*DATASET*:
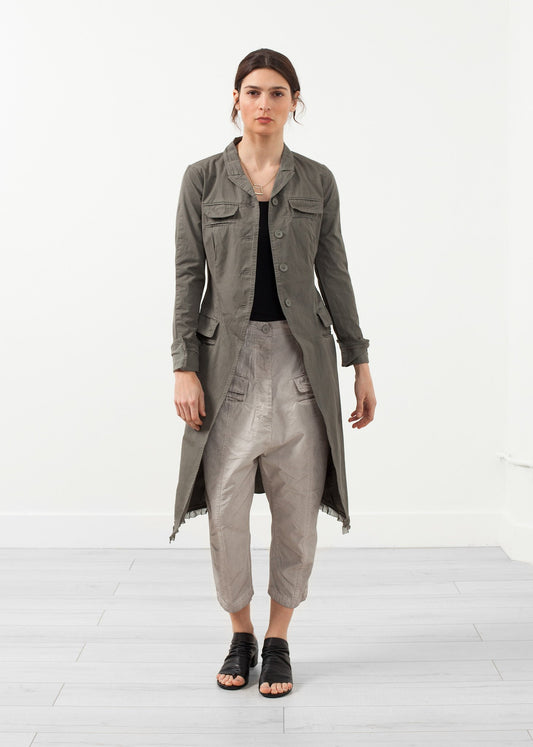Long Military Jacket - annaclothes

---

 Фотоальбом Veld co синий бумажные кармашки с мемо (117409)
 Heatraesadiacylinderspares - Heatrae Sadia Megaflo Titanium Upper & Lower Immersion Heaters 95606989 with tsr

*TASK DETAILS*:
Give back precisely the lines above that start at the line containing "Фотоальбом Veld co" and end at the line containing "Heatraesadiacylinderspares - Heatrae", inclusive. No other lines belong in the output.

*RESULT OF THIS TASK*:
 Фотоальбом Veld co синий бумажные кармашки с мемо (117409)
 Heatraesadiacylinderspares - Heatrae Sadia Megaflo Titanium Upper & Lower Immersion Heaters 95606989 with tsr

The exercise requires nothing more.